If emotions aren’t something you can target, make sure that you’re approaching relevant millennial interests. Baby Boomers are often concerned with investment and wealth growth, which is often simply not something millennials care about. Student debt, mortgages, budgeting, and money management are ‘hotter’ topics which you can use to create an emotional appeal surrounding their real-life problems, desires, and wants.
Social Media Storytelling
Social media is an increasingly important financial marketing channel, especially for millennials. For investment finance, LinkedIn is often the place to be, with millennials sharing about 13% more about finance than on any other channel. However, simply having a presence isn’t enough. In one study, TD Bank showed that 59% of millennials look for personal advice on topics ranging from savings to budgeting to credit cards, and they will contact social media or chat representatives for advice. Having a clear way to either offer that advice or direct individuals into workshops or in-person consultations can help you to drive value and build relationships.
Using social media to share storytelling and advice as well as success stories, while reaching out to offer that kind of personalized advice will help you to gain customers while tying into relationship building. Creating and sharing content and information that shares stories from young people and peers, while offering relevant and timely advice and helping users to reach goals they care about (like buying a home, starting a family, paying off debt, or travel), your social media can become a valuable tool for attracting and retaining customers.

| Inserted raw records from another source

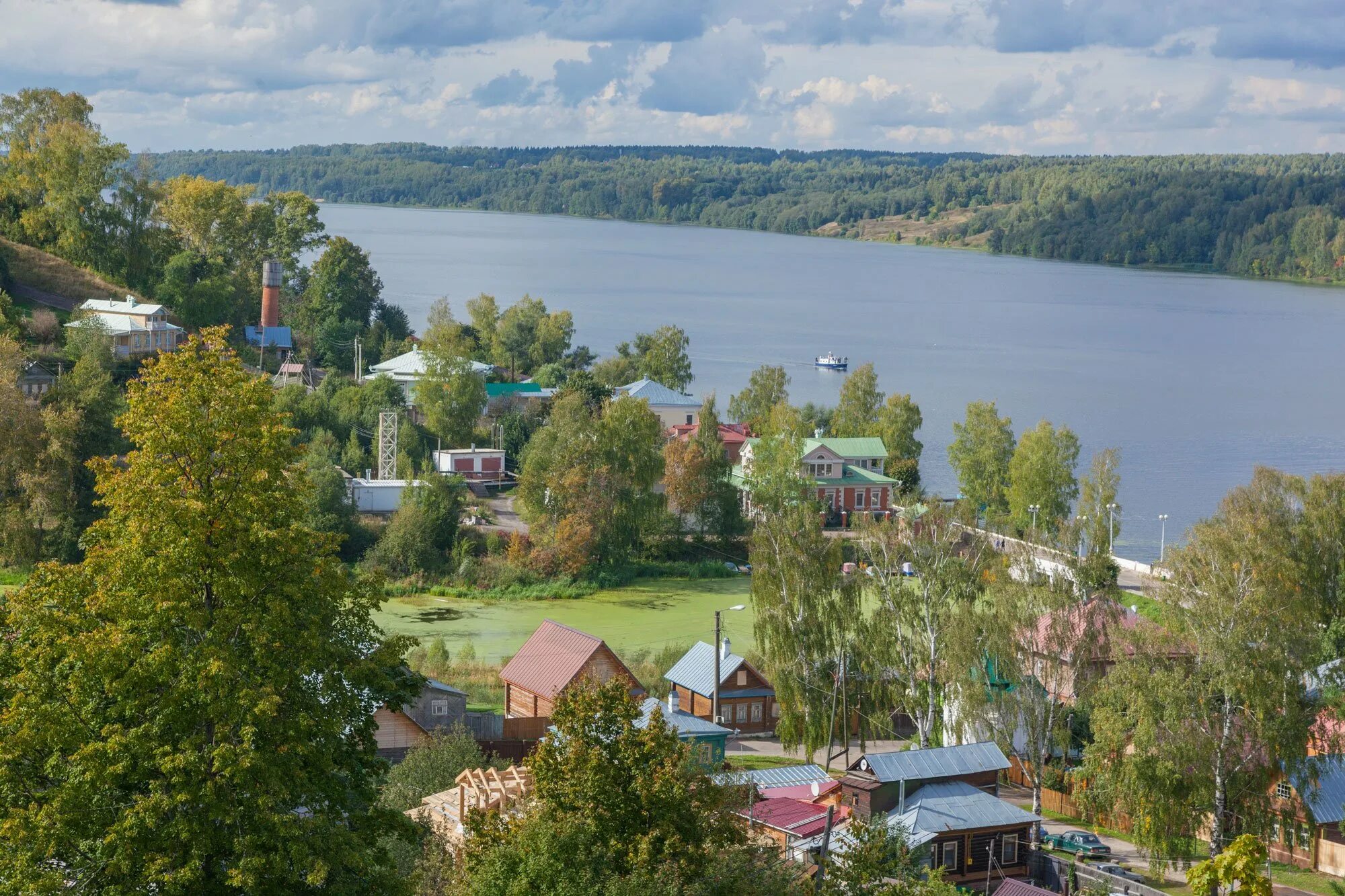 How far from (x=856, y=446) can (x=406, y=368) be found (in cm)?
1507

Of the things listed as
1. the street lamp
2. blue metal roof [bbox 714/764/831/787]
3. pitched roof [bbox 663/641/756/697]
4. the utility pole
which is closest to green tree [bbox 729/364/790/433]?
the street lamp

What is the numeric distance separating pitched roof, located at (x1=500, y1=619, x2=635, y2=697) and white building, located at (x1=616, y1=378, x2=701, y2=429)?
24193 mm

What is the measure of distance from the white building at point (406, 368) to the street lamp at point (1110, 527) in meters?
19.7

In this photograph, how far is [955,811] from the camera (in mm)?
17438

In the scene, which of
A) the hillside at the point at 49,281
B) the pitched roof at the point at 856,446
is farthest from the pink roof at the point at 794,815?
the hillside at the point at 49,281

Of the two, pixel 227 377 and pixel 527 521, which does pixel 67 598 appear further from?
pixel 527 521

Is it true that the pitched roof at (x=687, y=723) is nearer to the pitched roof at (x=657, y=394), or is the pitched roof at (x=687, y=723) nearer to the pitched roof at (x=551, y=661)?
the pitched roof at (x=551, y=661)

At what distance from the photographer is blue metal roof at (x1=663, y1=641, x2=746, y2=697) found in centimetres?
2458

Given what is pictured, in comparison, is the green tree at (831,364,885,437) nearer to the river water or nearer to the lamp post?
the river water

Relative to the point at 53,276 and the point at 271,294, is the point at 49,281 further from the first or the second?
A: the point at 271,294

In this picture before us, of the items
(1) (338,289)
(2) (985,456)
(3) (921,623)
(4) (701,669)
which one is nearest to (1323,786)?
(3) (921,623)

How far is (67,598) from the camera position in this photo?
9.10 m

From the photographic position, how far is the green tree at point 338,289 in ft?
178

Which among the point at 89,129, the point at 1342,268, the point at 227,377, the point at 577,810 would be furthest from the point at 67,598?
the point at 1342,268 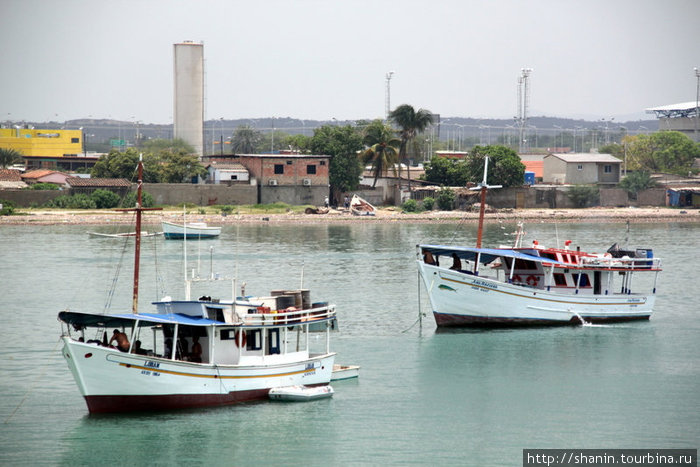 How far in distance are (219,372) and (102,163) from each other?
257 feet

Creating a Brand Millennials Trust
Millennials look for brands and corporations they can trust with their data and their money. Most importantly, millennials are incredibly brand loyal once you build their trust, typically through personalized connection and personalized service. While that may seem to be at odds with the millennial preference for a self-service and online chat, once you can connect and build a relationship, it’s difficult to break if you stay true to original brand promises and continue to deliver value to the customer.
Focusing on offering honest and personalized services rather than big promises will help you get there. For example, many fintech companies offer unbundled services, allowing users to pay for what they need or to build their own service bundle, so they can add features, services, or options based on need and increase at any time. Similarly, being upfront about fees, waiving service fees, or using either service representatives or automation to offer custom services, pre-approval for loans and mortgages, or other services will help you to connect and make a difference.
Millennials bridge the gap between Generation X and Generation Z, and as you might expect, are often squarely in the middle. Most greatly prefer self-service and digital options, with a strong preference for online chat and solutions, but still, want to make connections and have a personalized experience with their bank. Most importantly, millennials want to see authentic and genuine services and a brand that represents its values and what it’s offering.